The Learning That Happens Despite Me

The biggest thing I learned about teaching in 2016 was to give thanks for the grace of learning that comes despite my failures.

When the last student closed my classroom door after the final period on the concluding day of the school year this past May, and I was left in the room alone with the memories of all the people and conversations that had filled it for the past ten months, I knelt in the middle of the untidy tables and chairs, and felt overwhelmed by two things: my sins and God’s grace.

That posture and feeling comes to us more often in church than at school, perhaps, but in 2016, the biggest thing I learned at the lectern was the same I hear preached from the pulpit: that learning—like redemption, and like all good things upon this earth—comes by grace.

It was not a year of grand failures, but of small ones; small enough that my students probably haven’t even noticed them, but heavy enough to weigh on me at the ends of the past two semesters. Raised on the Westminster Catechism, my thoughts are still ordered by its categories, and so I count up my sins of commission (wrong things done) and omission (right things not done).

For commission: despite my desire to teach from rest, to nurture joy and wonder in learning, to create space for contemplation—despite knowing better—I assigned too much work. I labored to ensure that my assignments were not busywork and that each one would provide practice in what we were learning while also drawing out the students’ curiosity and creativity; but then, I just gave too many good assignments. And so too many of my students either gave up on completing all the assignments, missing the opportunity for practice, or else grew exhausted completing them all, missing the opportunity for curiosity and creativity. And I, fighting the horrible Hydra of grading stacks that would grow back as soon as I vanquished them, missed the opportunity to model for students the restful practice, wondering curiosity, and joyful creativity that I was asking of them.

For omission: this list stretches longer, for there is so much that I want to do as a teacher, that I feel I should do, and that I struggle to find the time and space to be able to do. There are things I have done, but have not done enough. I did not give enough instruction and modeling of assignments, leaving students confused about how to complete them. I did not give enough feedback, or precise enough feedback, or timely enough feedback. I did not seek enough opportunities, whether in class or out, to know each student, and so to know how and on what to focus our learning together. I was not diligent enough in addressing the spirit of complaining that spreads through a school year fast as a drop of food coloring in a glass of water. I did not stretch myself as a teacher, continually seeking for fresh ways to usher students into wonder, but to often fell back on the instructional modes and assignment patterns that come easily to me.

Goodness that meets you though you don’t deserve it, though you haven’t earned or produced it—isn’t that grace?

And yet. And yet, despite these feelings, so, so much goodness had flooded my little classroom. I did not kneel on the dirty classroom carpet because I could not stand under the weight of my sins. Instead, I knelt under a weight of joy and surprise at all the goodness that had still come—the skills students had sharpened, the ideas we had contemplated, the affection that had sprung up amongst us, the virtues in which we’d been strengthened, the moments of stillness when we’d met with wonder. Somehow, all this had piled up over against the failures I could list with such precision; I could hardly claim the credit for it, but wondered at it.

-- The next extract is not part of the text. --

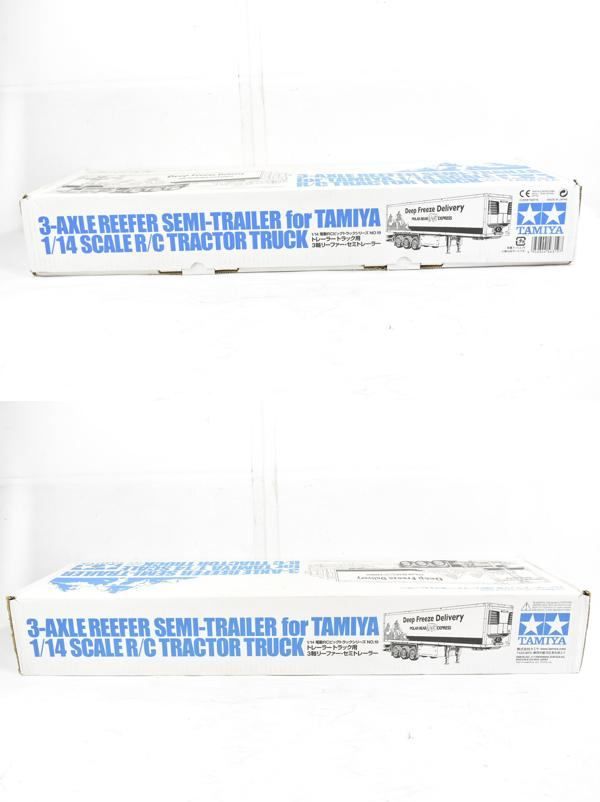 未組立 タミヤ ビッグトラックシリーズ No.19 1|14 RC トレーラートラック用 3軸リーファー セミトレーラー ホビー -A 28-byebye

Goodness that meets you though you don’t deserve it, though you haven’t earned or produced it—isn’t that grace?

Most often we reserve that word for speaking of the goodness of salvation and sanctification and the other “-tions” of Paul’s epistles, and I surely am not arguing with that. But then do we think that we somehow deserve the myriad good things that meet us outside of these categories? The Westminster Catechism gives us a name for these, too: they’re gifts of “common grace”—common not because they are poor or mean or unwanted, but because they’re as abundant as sunrises and wildflowers and sleep and friendship and laughter.

You could hear all this and think I am saying that learning does not happen because of our teaching, but despite it—but I do not think that is quite right, and it’s not what I am trying to say. I am trying to say that learning somehow comes through our poor efforts, though it so often outmatches them; that it comes even through our failures; and that this is grace.

And our response to the grace of learning must be like our response to the grace of salvation. Shall we continue in our sins of commission or omission, assigning too much work, staying stuck in our patterns, rushing through teaching tasks, because students will still learn despite our failings? As Paul himself says, by no means! No, for the response owed to grace is always the same: repentance of sin, by confessing particular sins particularly so that they can be known and turned from; rejection of despair, by resisting the temptation to give up under the burden of failure; and renewal in goodness, by making the changes and developing the disciplines needed to replace the sins with their opposing virtues.

The biggest thing I learned about teaching in 2016 was to give thanks for the grace of learning that comes despite my failures, and to respond to that grace with a repentant and renewed spirit.